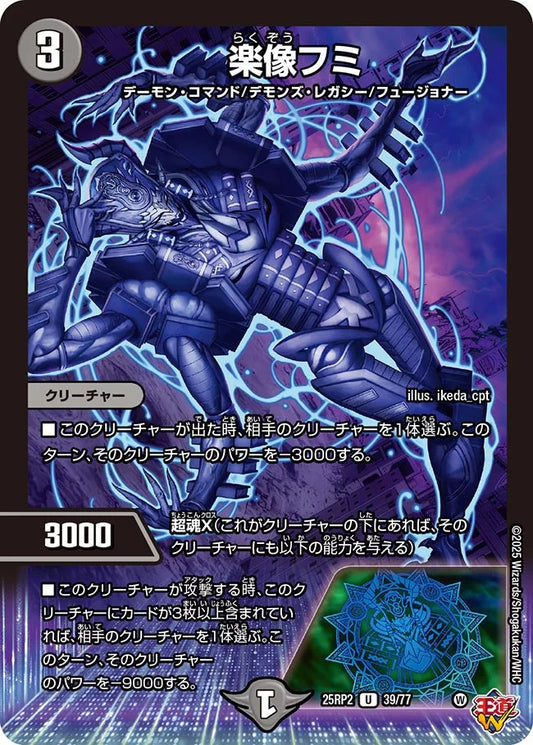 楽像フミ【DM25RP2 39/77】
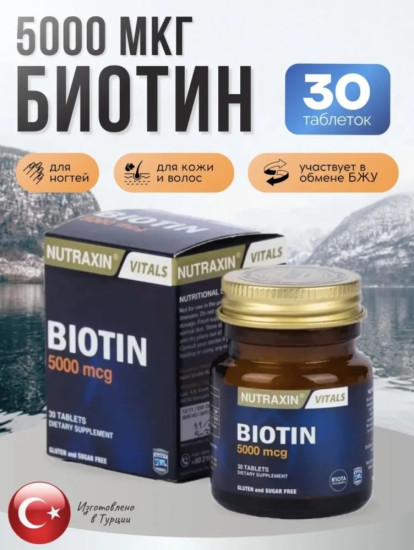 Biotin витамин для роста волос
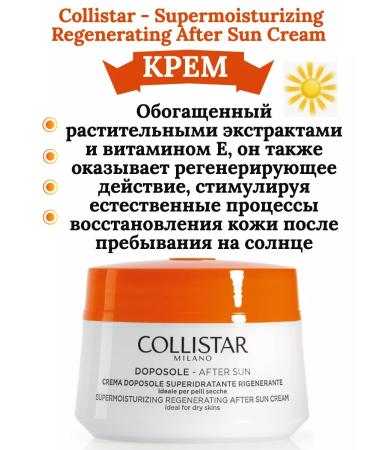 COLLISTAR AFTERSUN Cream after tan 200ml - Buy Online on GoSupps.com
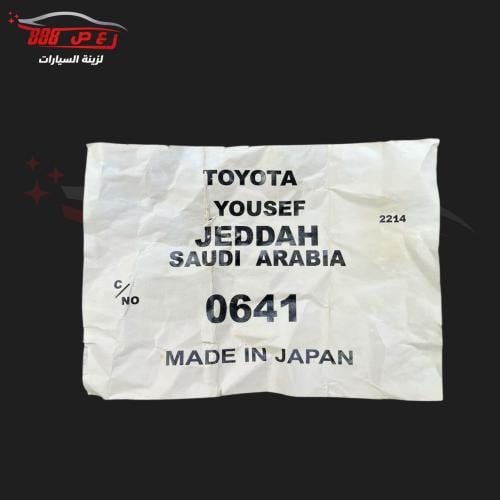 استكر كامري 2002 وتحت منشف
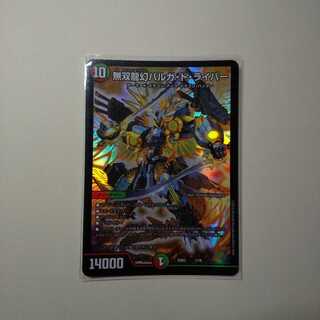 無双龍幻バルガドライバー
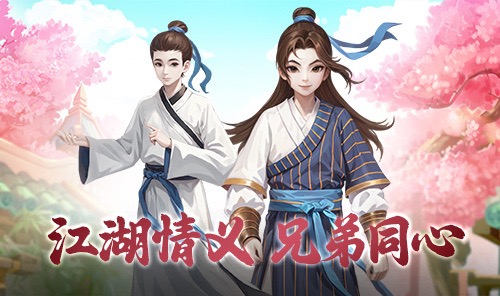 《武林外传十年之约》手游全攻略：带你领略游戏中的江湖世界与角色成长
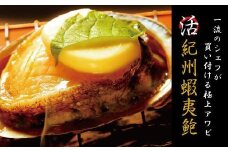極上！紀州蝦夷鮑×19～20個　五つ星旅館にも出荷される極上アワビ＜日付指定OK＞【riz120】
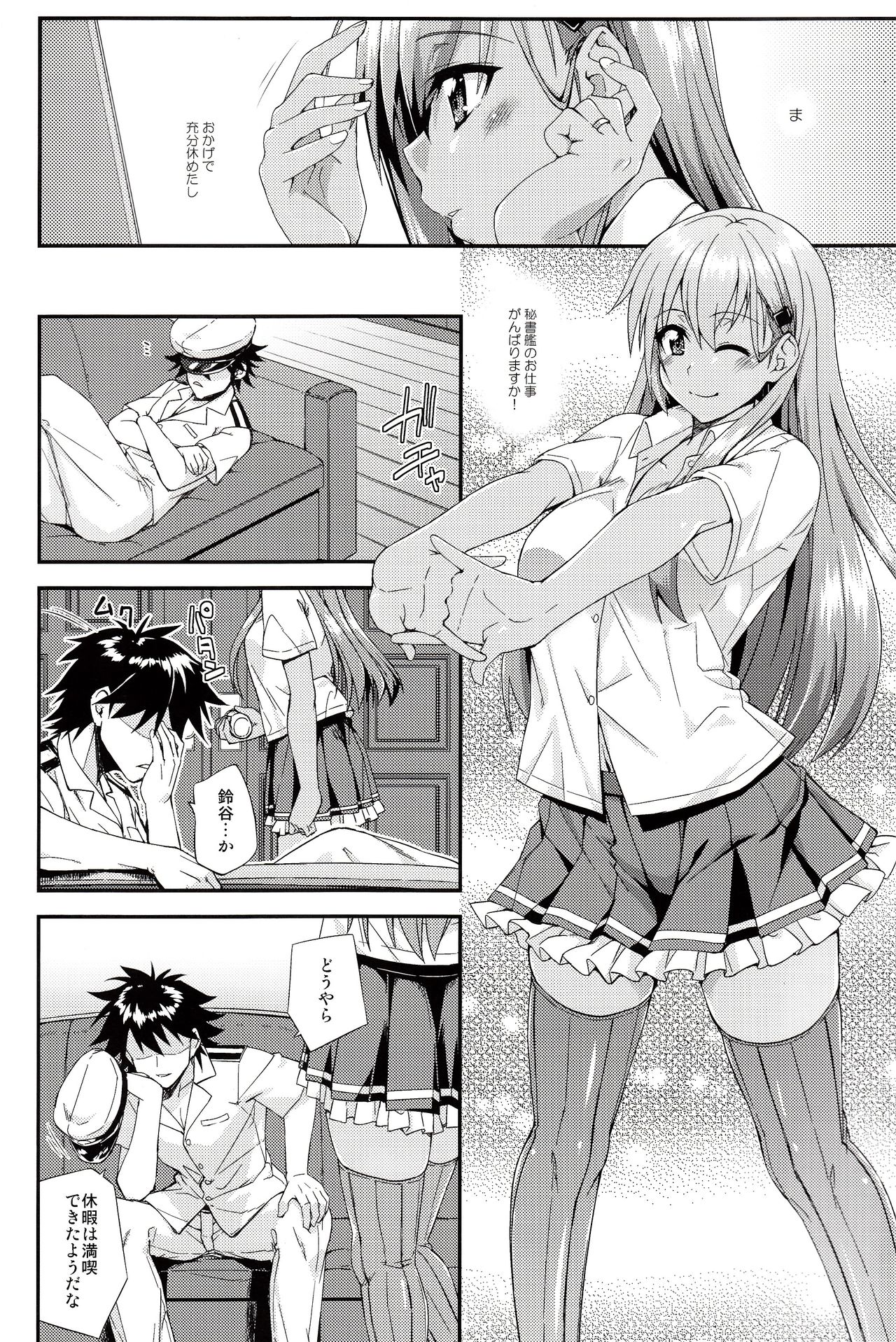 (C94) [フルーツジャム (水鏡想)] 鈴谷とどうする?ナニしちゃう? 12 (艦隊これくしょん -艦これ-)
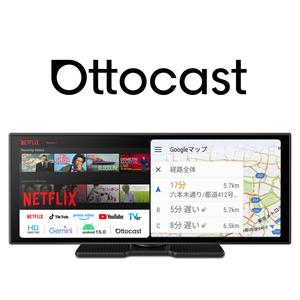 【公式】オットキャスト OTTOCAST Screen A I ポータブルディスプレイオーディオ Android15システム搭載 大画面 アンドロイドナビ アプリ自由にダウンロード Google AI音声機能 GPS搭載 ワイヤレスCarPlay・Android Auto対応 Androidカーナビ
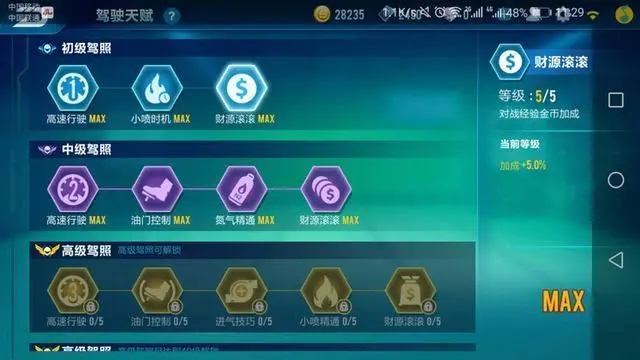 qq飞车新手任务在哪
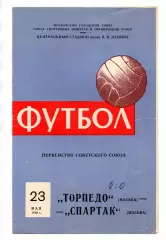 Спартак Москва - Торпедо Москва 23.05.1959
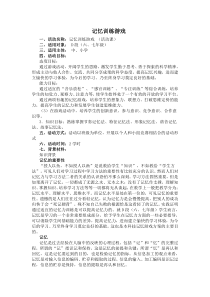 记忆训练游戏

> [THE PROBLEM]: Pictures stay out. Print the lines of the records above exactly, from the first through the one with "極上！紀州蝦夷鮑×19～20".

> [EXERCISE SOLUTION]:
 楽像フミ【DM25RP2 39/77】
 Biotin витамин для роста волос
 COLLISTAR AFTERSUN Cream after tan 200ml - Buy Online on GoSupps.com
 استكر كامري 2002 وتحت منشف
 無双龍幻バルガドライバー
 《武林外传十年之约》手游全攻略：带你领略游戏中的江湖世界与角色成长
極上！紀州蝦夷鮑×19～20個　五つ星旅館にも出荷される極上アワビ＜日付指定OK＞【riz120】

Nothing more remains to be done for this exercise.